Le débat sur le « modèle français » a été abondamment abordé lors de la dernière campagne référendaire. Bien sûr, ce n’est pas le référendum sur la Constitution européenne qui l’a initié. Depuis une vingtaine d’années, hommes politiques, universitaires, journalistes, commentateurs divers et variés viennent et reviennent sur ce modèle, le tordant dans tous les sens, certains cherchant à l’étranger un « modèle » salvateur (qui peut varier selon l’humeur et l’époque…) pendant que d’autres ne jurent que par celui « bien de chez nous ». Ce débat, voire cette cacophonie, sont à la mode. Comme si notre cher « modèle français », érigé en grand totem par la nation tout entière (ou presque), méritait tout de même d’être discuté et comparé indéfiniment !

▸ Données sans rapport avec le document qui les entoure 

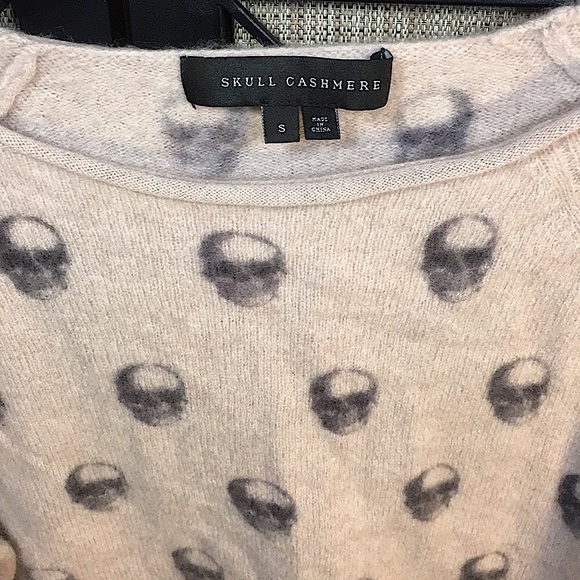 SKULL 360 CASHMERE SIZE SMALL SKULL PRINT LIGHT PINK - Picture 2 of 6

Rappelons tout d’abord, que le terme même de « modèle » est équivoque. Il y a « modèle » et « modèle ». Le mot définit des concepts assez différents les uns des autres. Dans le cas qui nous intéresse, il s’agirait plutôt d’une « structure formalisée utilisée pour rendre compte d’un ensemble de phénomènes qui possèdent entre eux certaines relations »*. A moins que cela ne signifie, « Représentation schématique d’un processus, d’une démarche raisonnée ». Mais nous pouvons aussi utilisé cette définition : « Ce qui est donné pour servir de référence ». Ou encore : « Ce qui est donné ou choisi pour être reproduit ». Ou bien : « Objet qui représente idéalement une catégorie, un ordre, une qualité, etc. ». Ces définitions sont assez proches l’une de l’autre, arguerez-vous. Oui mais politiquement, elles ont des significations qui diffèrent sensiblement. Dans le premier cas, il s’agit de décrire un modèle qui est le fruit d’une pratique quotidienne, pratique qui n’est pas forcément sous-tendu par un volontarisme quelconque. Dans le deuxième on parle d’un modèle qui a été choisi et mis en place par une volonté politique. Dans le troisième il s’agit d’un modèle idéal que l’on imaginé et dont le politique doit s’inspirer. Dans le quatrième, il s’agit d’un modèle qui existe ailleurs (à l’étranger ou dans l’histoire) et qui doit servir de référence au volontarisme politique. Dans le cinquième, enfin, c’est le modèle qui devrait exister, que l’on souhaite mettre en place si le politique parvenait au bout du « processus » et de la « démarche raisonnée ».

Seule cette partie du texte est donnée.